The 2016–2020 5-year American Community Survey estimates show that the median household income was $38,300 (with a margin of error of +/- $6,178). The median family income was $44,231 (+/- $6,593). Males had a median income of $24,556 (+/- $4,009) versus $22,406 (+/- $1,882) for females. The median income for those above 16 years old was $23,110 (+/- $2,444). Approximately, 20.3% of families and 25.7% of the population were below the poverty line, including 33.2% of those under the age of 18 and 19.0% of those ages 65 or over.

===2000 census===
As of the census of 2000, there were 13,327 people, 4,161 households, and 2,995 families residing in the county. The population density was 26 /mi2. There were 4,966 housing units at an average density of 10 /mi2. The racial makeup of the county was 58.79% White, 37.72% Black or African American, 0.42% Native American, 0.20% Asian, 0.02% Pacific Islander, 1.69% from other races, and 1.17% from two or more races. 6.36% of the population were Hispanic or Latino of any race.

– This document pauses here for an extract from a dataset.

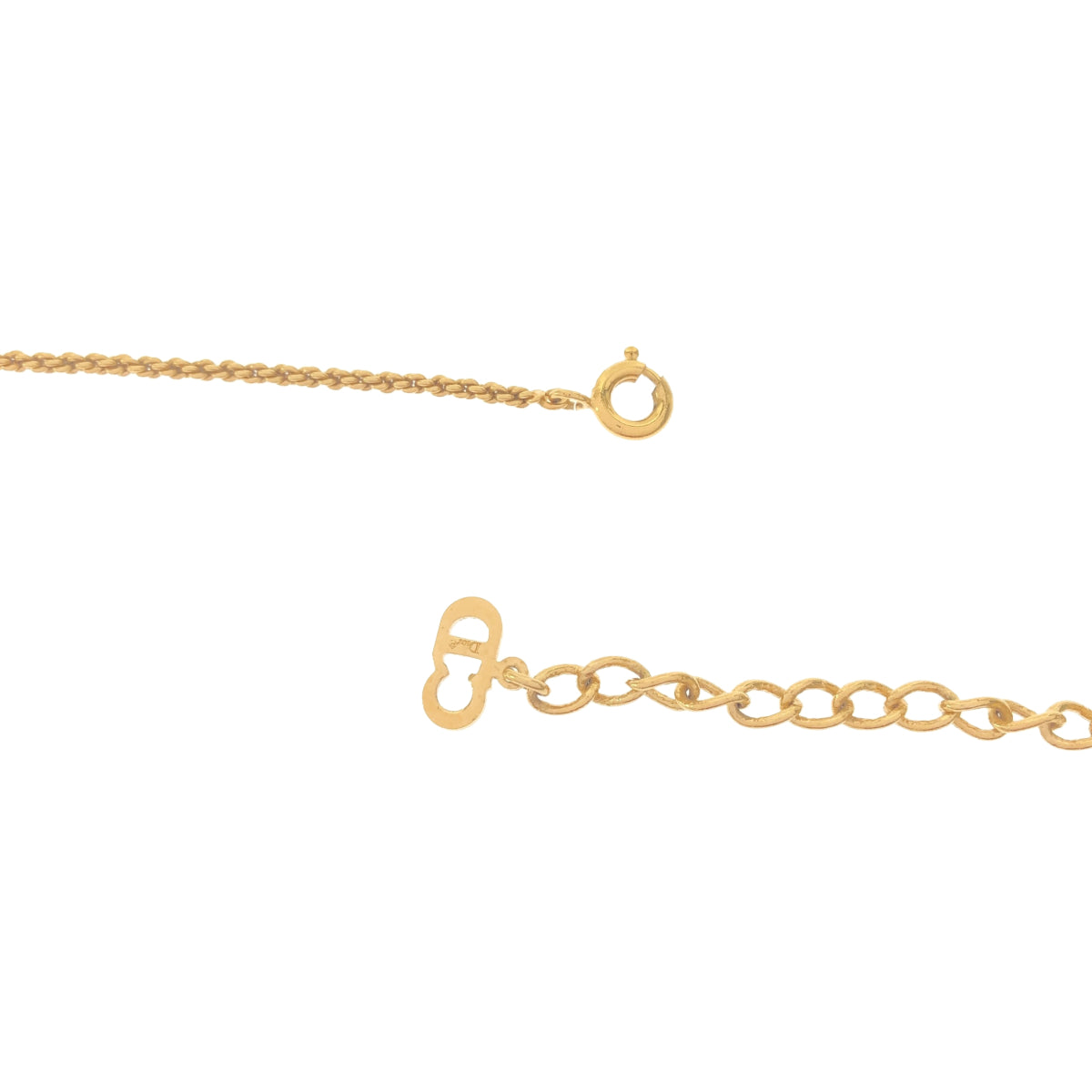 Christian Dior Christian Dior ネックレス CDロゴ ストーン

There were 4,161 households, out of which 32.90% had children under the age of 18 living with them, 50.30% were married couples living together, 16.80% had a female householder with no husband present, and 28.00% were non-families. 24.10% of all households were made up of individuals, and 9.10% had someone living alone who was 65 years of age or older. The average household size was 2.60 and the average family size was 3.07.

In the county, the population was spread out, with 23.50% under the age of 18, 10.80% from 18 to 24, 31.80% from 25 to 44, 22.80% from 45 to 64, and 11.20% who were 65 years of age or older. The median age was 35 years. For every 100 females there were 135.00 males. For every 100 females age 18 and over, there were 145.40 males.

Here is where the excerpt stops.